Pendant six ans, l’artiste s’est senti paralysé de douleur, mais peu à peu il a repris son travail dont témoigne la série Les Mains anonymes. « Je suis sorti de ma condition de victime, je me suis refait par ce travail et je lutte constamment pour les droits de l’homme », confie-t-il. À la faveur de traits rapides et incisifs, l’artiste établit une distance entre le passé et le présent. Le sadisme, l’érotisme, la vénération du corps féminin : tout y passe. Entre le désir et la violence, se profile un continuum. Des agents empâtés aux mines patibulaires, les yeux cachés derrière des lunettes teintées, tourmentent une magnifique jeune femme dénudée. Des mains, des pieds, des bouches participent au supplice. L’humiliation est extrême. Les bébés des victimes sont enlevés par des sbires. La série comprend aussi ce qui semble être des scènes de bordel. Dans sa manière, le rappel aux maîtres de la Renaissance n’est pas loin. Dans cette synthèse insolite, Alonso extrait la beauté de l’horreur. Chez cet artiste engagé, on décèle un lien avec le peintre et graveur belge Félicien Rops – qui était simplement voyeur. Alonso s’attarde là où d’autres ont peur de passer.

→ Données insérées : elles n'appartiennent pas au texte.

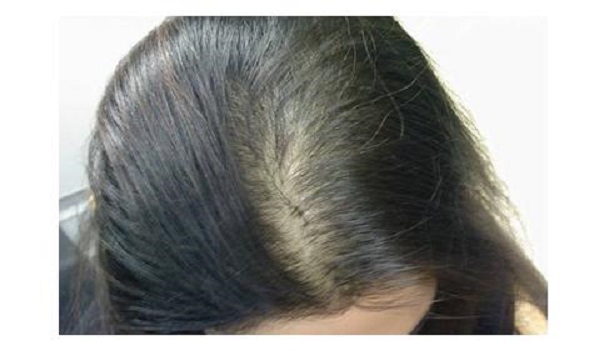 女性植发有后遗症吗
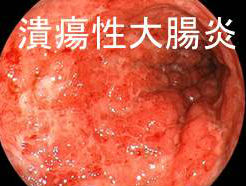 潰瘍性大腸炎 内視鏡写真 潰瘍性大腸炎 内視鏡写真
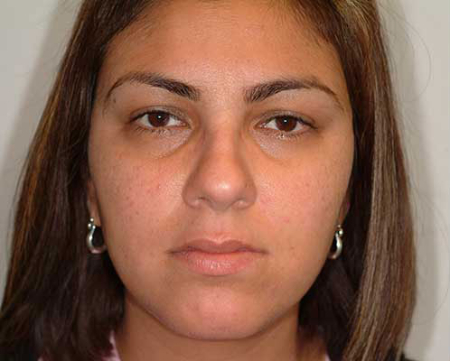Before Image: Patient # 78856 - 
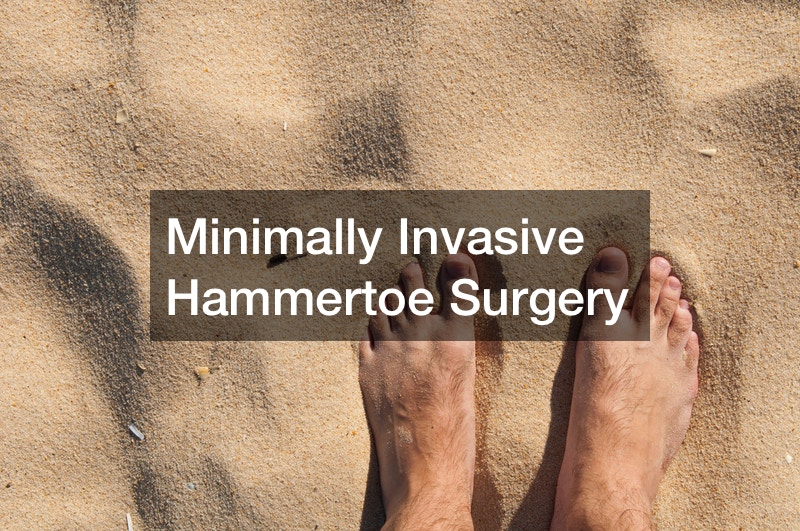 Minimally Invasive Hammertoe Surgery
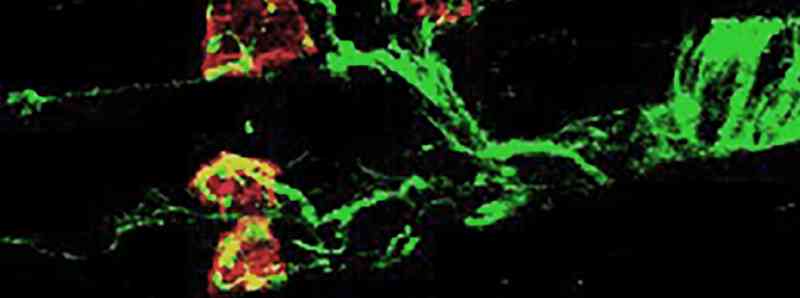 Molecola che rallenta la progressione dell'atrofia muscolare spinale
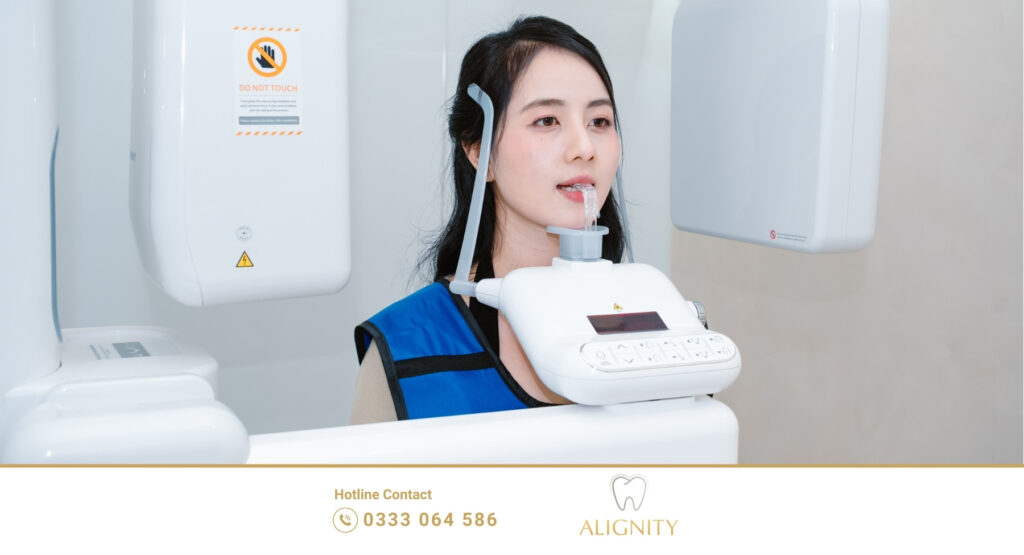Những điều cần lưu ý khi chụp phim Conebeam CT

Dans une très intéressante rétrospective historique intitulée Le Paradoxe au centre au Musée d’art moderne de la ville de Buenos Aires (MAMBA), le commissaire Javier Villa met en exergue les œuvres du groupe Destrucción (1960-1967). Il analyse « Le traumatisme de la construction d’une avant-garde périphérique (…), avec l’assimilation d’un langage artistique étranger ». Le matiérisme le plus intégral sert en fin de compte « pour se libérer de la matière ». Lucio Fontana, avec ses toiles soigneusement fendues, étudie la dialectique du vide et du plein en trois dimensions. Alberto Greco et Ennio Lommi, dans leurs peintures, frayent avec les lourdeurs de la matière. Si l’on se fie au conservateur Marcelo Pacheco, le groupe Destrucción explore « l’ouverture de l’art qui ne ressemblera plus dorénavant à l’art, qui débouche sur l’art contemporain où tout est possible – où les modèles autoréférentiels de la modernité disparaissent : ils seront remplacés par des libertés jusqu’alors inhabituelles »1.
En menant un riche dialogue avec l’Europe, à l’écoute de la nature et de la terre natale, du contenu archétypal autochtone, les artistes argentins conduisent l’art aux XXe et XXIe siècles par des détours remarquables, dont on peut dire qu’ils ouvrent des perspectives inattendues.